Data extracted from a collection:
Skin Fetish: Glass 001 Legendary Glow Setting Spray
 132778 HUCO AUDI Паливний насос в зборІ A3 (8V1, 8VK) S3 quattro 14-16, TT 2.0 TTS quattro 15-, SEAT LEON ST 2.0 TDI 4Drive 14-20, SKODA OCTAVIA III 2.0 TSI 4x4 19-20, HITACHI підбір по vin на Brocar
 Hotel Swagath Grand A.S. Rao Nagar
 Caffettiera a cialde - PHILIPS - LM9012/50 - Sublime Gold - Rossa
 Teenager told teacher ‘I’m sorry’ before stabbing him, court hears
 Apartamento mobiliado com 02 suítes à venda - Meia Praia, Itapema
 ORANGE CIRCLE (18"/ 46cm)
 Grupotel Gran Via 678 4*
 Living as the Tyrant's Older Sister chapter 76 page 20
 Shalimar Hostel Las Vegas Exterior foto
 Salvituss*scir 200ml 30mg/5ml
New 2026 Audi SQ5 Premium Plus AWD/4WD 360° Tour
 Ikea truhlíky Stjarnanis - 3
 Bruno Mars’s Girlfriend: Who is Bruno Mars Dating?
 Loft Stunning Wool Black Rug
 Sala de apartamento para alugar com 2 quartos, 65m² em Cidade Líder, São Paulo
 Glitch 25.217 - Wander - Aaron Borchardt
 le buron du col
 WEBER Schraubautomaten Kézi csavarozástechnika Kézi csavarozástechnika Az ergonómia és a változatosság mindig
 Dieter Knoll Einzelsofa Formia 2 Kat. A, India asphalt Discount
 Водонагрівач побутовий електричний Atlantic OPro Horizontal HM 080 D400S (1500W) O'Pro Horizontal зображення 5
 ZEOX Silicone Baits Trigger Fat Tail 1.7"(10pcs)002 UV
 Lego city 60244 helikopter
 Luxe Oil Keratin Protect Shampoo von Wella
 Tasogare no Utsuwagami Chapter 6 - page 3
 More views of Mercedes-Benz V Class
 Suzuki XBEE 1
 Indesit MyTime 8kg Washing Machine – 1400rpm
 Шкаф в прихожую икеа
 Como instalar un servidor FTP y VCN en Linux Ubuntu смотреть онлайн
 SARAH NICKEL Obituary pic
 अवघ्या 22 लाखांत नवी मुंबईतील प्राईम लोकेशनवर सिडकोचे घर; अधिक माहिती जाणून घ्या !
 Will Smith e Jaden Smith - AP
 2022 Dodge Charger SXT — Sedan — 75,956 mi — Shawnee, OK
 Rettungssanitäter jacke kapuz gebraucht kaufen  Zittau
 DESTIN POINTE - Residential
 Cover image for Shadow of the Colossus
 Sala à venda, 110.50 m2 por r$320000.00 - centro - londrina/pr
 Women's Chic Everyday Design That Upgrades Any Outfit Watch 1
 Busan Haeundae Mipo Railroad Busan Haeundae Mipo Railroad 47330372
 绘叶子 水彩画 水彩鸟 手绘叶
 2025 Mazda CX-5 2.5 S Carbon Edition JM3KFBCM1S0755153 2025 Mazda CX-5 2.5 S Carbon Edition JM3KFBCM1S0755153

The problem: Could you write out, exactly, each line of the data above from the one containing "Glitch 25.217 - Wander - Aaron Borchardt" through the last, including both?

Answer box:
 Glitch 25.217 - Wander - Aaron Borchardt
 le buron du col
 WEBER Schraubautomaten Kézi csavarozástechnika Kézi csavarozástechnika Az ergonómia és a változatosság mindig
 Dieter Knoll Einzelsofa Formia 2 Kat. A, India asphalt Discount
 Водонагрівач побутовий електричний Atlantic OPro Horizontal HM 080 D400S (1500W) O'Pro Horizontal зображення 5
 ZEOX Silicone Baits Trigger Fat Tail 1.7"(10pcs)002 UV
 Lego city 60244 helikopter
 Luxe Oil Keratin Protect Shampoo von Wella
 Tasogare no Utsuwagami Chapter 6 - page 3
 More views of Mercedes-Benz V Class
 Suzuki XBEE 1
 Indesit MyTime 8kg Washing Machine – 1400rpm
 Шкаф в прихожую икеа
 Como instalar un servidor FTP y VCN en Linux Ubuntu смотреть онлайн
 SARAH NICKEL Obituary pic
 अवघ्या 22 लाखांत नवी मुंबईतील प्राईम लोकेशनवर सिडकोचे घर; अधिक माहिती जाणून घ्या !
 Will Smith e Jaden Smith - AP
 2022 Dodge Charger SXT — Sedan — 75,956 mi — Shawnee, OK
 Rettungssanitäter jacke kapuz gebraucht kaufen  Zittau
 DESTIN POINTE - Residential
 Cover image for Shadow of the Colossus
 Sala à venda, 110.50 m2 por r$320000.00 - centro - londrina/pr
 Women's Chic Everyday Design That Upgrades Any Outfit Watch 1
 Busan Haeundae Mipo Railroad Busan Haeundae Mipo Railroad 47330372
 绘叶子 水彩画 水彩鸟 手绘叶
 2025 Mazda CX-5 2.5 S Carbon Edition JM3KFBCM1S0755153 2025 Mazda CX-5 2.5 S Carbon Edition JM3KFBCM1S0755153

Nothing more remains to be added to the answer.